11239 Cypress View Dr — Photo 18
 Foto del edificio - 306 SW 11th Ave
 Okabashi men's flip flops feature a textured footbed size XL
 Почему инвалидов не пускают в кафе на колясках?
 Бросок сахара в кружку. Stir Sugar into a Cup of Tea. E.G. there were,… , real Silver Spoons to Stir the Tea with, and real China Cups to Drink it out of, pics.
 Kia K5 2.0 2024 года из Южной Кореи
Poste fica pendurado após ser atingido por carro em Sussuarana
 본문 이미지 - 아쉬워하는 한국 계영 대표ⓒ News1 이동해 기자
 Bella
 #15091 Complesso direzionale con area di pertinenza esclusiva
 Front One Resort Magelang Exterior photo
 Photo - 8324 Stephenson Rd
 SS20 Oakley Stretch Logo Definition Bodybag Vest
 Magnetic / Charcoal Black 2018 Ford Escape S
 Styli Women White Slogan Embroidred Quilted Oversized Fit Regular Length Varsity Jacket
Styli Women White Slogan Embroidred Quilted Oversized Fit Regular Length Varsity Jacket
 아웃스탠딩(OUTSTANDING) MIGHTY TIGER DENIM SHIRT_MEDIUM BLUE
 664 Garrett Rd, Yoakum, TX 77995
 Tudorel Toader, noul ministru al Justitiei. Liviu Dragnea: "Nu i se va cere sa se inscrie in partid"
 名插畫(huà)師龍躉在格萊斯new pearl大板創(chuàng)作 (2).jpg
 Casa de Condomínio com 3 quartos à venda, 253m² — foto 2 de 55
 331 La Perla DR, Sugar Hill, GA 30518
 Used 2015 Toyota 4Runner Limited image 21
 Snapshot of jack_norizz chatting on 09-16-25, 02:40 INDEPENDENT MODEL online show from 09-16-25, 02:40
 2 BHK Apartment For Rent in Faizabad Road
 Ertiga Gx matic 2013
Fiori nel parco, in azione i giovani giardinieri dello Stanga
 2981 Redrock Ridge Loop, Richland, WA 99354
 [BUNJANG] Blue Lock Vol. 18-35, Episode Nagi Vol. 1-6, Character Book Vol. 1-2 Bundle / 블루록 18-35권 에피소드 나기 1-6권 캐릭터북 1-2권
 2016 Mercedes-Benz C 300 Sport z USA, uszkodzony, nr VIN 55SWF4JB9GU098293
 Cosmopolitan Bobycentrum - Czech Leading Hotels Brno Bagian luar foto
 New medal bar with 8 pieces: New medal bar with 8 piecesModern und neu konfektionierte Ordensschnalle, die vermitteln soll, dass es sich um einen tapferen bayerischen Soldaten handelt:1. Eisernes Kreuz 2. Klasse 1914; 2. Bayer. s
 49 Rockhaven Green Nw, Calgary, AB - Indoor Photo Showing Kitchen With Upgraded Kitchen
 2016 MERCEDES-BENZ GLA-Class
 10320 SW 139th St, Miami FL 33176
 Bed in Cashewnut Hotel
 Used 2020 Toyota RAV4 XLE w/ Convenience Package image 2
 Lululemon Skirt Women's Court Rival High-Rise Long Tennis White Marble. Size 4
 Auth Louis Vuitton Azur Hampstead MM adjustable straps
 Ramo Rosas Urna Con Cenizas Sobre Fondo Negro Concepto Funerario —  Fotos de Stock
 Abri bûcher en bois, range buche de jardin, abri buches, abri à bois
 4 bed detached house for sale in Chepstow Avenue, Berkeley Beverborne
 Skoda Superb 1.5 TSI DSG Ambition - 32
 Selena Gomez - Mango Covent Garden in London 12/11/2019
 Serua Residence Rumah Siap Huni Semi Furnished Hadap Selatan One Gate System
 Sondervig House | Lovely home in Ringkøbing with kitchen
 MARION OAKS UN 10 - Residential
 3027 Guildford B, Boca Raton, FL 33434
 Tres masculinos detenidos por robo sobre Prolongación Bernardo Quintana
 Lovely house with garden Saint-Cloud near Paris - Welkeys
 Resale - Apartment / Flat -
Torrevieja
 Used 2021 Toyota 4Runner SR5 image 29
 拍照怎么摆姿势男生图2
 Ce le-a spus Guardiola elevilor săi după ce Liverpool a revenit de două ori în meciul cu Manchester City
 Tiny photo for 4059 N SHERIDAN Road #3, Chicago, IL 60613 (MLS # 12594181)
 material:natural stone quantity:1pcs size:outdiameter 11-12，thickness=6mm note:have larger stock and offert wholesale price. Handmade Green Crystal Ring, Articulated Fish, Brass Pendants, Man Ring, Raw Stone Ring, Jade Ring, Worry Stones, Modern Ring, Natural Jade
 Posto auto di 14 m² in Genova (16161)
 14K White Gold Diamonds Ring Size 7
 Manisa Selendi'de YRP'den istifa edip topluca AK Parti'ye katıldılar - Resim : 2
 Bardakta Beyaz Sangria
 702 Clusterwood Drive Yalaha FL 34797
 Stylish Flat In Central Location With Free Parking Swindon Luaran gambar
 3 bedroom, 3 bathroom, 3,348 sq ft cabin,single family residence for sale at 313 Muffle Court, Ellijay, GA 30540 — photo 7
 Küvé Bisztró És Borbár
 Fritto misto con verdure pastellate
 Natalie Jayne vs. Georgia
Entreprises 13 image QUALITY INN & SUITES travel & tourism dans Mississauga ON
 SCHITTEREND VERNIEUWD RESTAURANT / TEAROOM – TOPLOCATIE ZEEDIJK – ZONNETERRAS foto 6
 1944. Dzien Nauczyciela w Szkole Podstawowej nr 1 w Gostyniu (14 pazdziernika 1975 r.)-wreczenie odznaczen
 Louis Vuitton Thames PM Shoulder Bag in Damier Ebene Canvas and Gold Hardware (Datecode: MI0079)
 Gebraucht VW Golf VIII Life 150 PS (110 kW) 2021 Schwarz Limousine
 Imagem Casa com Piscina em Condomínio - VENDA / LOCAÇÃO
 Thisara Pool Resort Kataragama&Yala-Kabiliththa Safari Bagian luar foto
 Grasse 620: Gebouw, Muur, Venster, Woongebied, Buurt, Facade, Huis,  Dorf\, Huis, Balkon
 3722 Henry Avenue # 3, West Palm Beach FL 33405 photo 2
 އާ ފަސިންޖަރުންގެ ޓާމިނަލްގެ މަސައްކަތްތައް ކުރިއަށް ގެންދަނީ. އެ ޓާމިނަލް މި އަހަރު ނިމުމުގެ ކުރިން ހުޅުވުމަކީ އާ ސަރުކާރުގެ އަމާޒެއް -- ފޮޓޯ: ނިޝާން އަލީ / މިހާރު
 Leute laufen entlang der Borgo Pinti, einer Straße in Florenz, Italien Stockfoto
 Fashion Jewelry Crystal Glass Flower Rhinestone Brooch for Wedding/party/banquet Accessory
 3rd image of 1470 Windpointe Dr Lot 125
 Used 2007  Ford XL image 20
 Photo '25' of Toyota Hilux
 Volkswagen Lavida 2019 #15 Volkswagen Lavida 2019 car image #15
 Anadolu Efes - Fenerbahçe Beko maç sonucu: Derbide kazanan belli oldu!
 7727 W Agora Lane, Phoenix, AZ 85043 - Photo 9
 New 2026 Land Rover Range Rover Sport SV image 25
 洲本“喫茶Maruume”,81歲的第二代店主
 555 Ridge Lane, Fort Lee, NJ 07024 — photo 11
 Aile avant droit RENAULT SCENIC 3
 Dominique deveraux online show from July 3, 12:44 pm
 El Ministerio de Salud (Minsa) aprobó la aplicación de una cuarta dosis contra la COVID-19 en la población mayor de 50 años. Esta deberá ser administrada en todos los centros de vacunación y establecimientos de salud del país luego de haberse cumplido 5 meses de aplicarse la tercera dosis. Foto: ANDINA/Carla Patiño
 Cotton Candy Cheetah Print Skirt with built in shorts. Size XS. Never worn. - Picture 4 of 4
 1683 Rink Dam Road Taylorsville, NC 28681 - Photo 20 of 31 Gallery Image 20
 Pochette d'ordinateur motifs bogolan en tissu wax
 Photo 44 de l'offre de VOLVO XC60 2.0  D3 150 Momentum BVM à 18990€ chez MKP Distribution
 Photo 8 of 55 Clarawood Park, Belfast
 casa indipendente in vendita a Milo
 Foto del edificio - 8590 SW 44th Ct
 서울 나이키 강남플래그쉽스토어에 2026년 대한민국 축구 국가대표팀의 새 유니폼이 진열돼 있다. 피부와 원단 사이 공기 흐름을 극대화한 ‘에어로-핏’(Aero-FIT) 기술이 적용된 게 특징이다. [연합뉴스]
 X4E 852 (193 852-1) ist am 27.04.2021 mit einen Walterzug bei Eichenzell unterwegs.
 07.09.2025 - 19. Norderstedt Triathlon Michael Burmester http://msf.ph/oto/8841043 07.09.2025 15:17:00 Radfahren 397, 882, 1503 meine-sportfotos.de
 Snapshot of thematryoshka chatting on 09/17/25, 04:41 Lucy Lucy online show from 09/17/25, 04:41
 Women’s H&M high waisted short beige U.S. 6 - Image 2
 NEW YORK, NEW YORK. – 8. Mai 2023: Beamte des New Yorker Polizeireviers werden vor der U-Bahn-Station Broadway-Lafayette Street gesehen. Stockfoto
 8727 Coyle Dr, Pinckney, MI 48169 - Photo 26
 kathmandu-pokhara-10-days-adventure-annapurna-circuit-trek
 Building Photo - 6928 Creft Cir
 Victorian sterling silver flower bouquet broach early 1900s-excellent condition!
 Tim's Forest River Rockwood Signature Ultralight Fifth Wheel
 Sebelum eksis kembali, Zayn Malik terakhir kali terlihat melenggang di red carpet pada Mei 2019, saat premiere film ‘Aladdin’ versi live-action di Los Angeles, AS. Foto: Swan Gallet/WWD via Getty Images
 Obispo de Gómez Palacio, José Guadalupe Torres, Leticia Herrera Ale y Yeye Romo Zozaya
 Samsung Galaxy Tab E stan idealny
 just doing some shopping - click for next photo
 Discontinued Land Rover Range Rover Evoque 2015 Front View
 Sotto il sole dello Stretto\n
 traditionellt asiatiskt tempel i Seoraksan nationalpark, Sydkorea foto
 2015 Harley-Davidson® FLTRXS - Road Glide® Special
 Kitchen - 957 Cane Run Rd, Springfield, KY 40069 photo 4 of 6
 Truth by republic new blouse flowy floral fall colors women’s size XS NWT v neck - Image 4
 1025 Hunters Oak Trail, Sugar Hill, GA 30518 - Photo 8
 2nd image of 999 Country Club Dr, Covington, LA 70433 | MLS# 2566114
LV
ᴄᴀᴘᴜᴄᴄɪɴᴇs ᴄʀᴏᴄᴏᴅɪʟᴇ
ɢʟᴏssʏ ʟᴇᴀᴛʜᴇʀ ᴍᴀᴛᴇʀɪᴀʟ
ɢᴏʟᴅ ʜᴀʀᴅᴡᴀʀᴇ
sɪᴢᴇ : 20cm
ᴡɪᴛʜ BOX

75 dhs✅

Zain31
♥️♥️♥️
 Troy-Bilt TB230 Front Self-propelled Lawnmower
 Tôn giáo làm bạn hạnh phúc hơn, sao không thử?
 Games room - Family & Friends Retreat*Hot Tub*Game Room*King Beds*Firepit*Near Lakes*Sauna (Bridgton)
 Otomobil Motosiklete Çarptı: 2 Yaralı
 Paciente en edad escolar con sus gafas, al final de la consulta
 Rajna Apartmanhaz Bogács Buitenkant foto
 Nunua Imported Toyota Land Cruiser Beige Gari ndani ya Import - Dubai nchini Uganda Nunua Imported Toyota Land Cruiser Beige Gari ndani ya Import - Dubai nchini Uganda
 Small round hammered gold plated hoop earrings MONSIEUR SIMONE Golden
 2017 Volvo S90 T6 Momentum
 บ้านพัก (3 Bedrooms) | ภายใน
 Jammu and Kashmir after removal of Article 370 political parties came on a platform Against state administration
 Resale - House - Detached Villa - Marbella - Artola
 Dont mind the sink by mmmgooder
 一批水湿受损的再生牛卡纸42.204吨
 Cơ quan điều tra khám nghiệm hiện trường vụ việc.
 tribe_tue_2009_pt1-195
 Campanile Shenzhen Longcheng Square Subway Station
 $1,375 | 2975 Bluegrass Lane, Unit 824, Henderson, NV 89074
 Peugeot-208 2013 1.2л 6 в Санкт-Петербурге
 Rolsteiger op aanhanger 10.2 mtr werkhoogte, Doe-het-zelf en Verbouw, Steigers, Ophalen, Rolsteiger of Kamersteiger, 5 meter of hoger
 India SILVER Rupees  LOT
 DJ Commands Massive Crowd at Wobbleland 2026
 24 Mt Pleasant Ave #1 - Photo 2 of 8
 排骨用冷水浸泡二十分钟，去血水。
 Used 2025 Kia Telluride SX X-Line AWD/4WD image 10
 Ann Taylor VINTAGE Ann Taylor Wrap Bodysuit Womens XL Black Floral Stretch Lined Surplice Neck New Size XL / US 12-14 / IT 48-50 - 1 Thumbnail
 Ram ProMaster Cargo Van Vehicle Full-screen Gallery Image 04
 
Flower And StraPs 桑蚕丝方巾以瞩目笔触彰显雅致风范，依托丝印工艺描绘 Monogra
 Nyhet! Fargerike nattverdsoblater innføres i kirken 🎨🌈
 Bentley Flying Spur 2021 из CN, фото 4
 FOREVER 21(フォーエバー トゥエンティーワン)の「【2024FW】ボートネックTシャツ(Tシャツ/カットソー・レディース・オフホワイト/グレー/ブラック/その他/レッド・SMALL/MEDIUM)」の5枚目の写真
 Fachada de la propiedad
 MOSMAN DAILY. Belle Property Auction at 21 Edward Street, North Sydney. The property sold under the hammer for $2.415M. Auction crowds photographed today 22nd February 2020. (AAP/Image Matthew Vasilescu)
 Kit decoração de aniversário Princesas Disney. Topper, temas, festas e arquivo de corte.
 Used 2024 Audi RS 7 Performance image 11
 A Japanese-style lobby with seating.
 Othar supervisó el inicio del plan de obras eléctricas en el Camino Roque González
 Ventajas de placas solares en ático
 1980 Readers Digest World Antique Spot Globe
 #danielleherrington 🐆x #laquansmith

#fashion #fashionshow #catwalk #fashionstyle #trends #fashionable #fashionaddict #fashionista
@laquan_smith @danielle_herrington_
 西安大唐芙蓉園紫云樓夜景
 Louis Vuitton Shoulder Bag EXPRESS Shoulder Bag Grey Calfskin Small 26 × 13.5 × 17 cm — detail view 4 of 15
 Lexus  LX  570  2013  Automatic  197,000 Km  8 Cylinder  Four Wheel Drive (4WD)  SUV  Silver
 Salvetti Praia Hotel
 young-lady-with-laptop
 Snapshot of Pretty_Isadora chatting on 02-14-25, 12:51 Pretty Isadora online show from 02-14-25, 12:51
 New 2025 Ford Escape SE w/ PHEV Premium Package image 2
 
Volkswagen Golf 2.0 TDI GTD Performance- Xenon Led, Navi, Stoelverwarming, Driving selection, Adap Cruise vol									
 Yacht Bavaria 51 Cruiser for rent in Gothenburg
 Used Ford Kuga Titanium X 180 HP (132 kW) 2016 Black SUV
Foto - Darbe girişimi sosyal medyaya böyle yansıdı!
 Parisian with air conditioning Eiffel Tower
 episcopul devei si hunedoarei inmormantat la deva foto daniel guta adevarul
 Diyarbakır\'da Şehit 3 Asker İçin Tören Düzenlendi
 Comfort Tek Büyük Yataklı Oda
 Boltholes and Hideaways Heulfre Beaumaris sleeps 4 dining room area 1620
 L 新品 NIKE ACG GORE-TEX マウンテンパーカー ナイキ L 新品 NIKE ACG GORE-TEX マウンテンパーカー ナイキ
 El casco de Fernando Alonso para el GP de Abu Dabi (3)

=====

__Activity__:
From the entries above, copy out every line where the string "Momentum" appears.

__Finished task__:
 Photo 44 de l'offre de VOLVO XC60 2.0  D3 150 Momentum BVM à 18990€ chez MKP Distribution
 2017 Volvo S90 T6 Momentum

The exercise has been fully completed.